The normal equation is another function you can use to derive the optimal parameters \(\ {\theta} \) for your hypothesis as defined by your cost function. This is an alternative method to gradient descent that I learned about a few days ago.

The normal equation method has a number of advantages over gradient descent:

It’s faster than gradient descent because you can solve for theta in one calculation rather than iterating
Because it solves for \(\ {\theta} \) in one iteration, it doesn’t require feature scaling or mean normalization to make iterations efficient
Ditto for needing to use a learning rate \(\ {\alpha} \) (and potentially getting it wrong)

But it has two big downsides:

First, it’s slower than gradient descrent when the number of features is high - n >= 10,000. That’s because inverting an 10,000 x 10,000 matrix is computationally expensive!

Second, sometimes \(\ X^{\intercal} X \) is non-invertible!

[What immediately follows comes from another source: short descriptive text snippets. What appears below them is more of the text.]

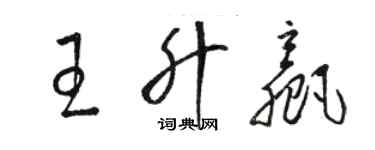 駱恆光王升贏草書個性簽名怎么寫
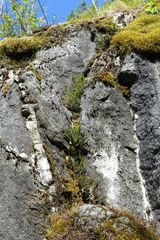 Asplenium trichomanes quadrivalens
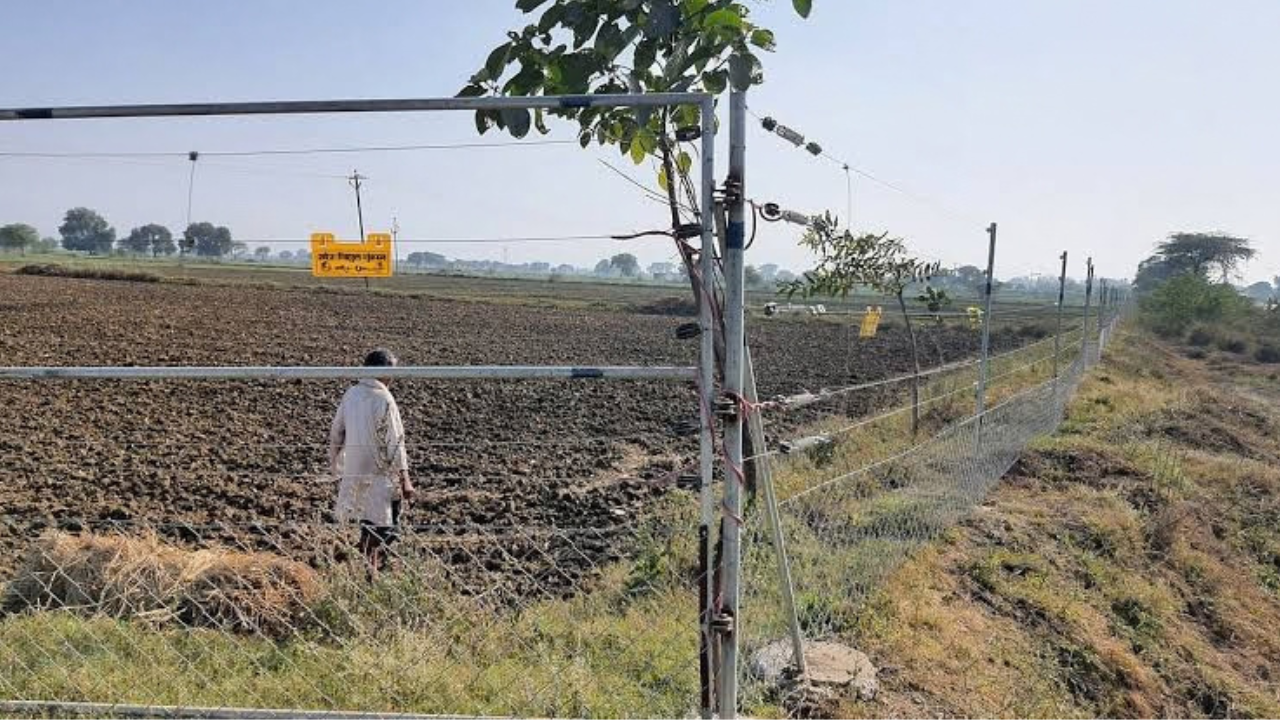 कृषि कार्यालय की हालत खराब, दीवार और छत टूटने से कर्मचारियों पर मंडरा रहा खतरा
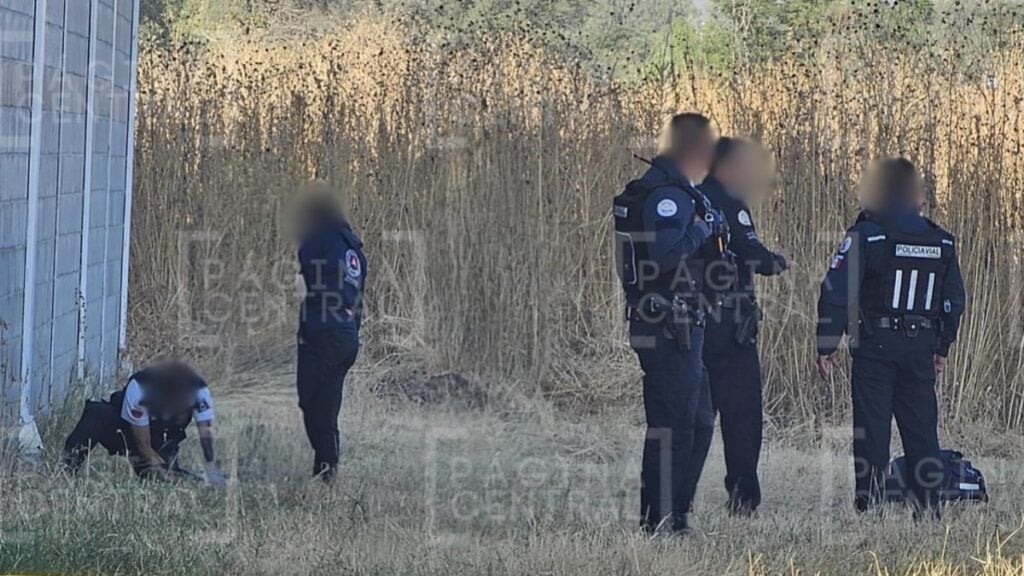 Encuentran a adulta mayor muerta en baldío de Industrial Pompa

This usually happens for one of two reasons:

You have redundant features that are linearly dependent (e.g. \(\ x_1 \) = size in feet^2, \(\ x_2 \) = size in m^2 )
You have too many features and, in particular, the size of your training set is less than or equal to the number of features you’re trying to use - \(\ m {\leq} n \)

In both cases, delete some features to make the matrix invertible!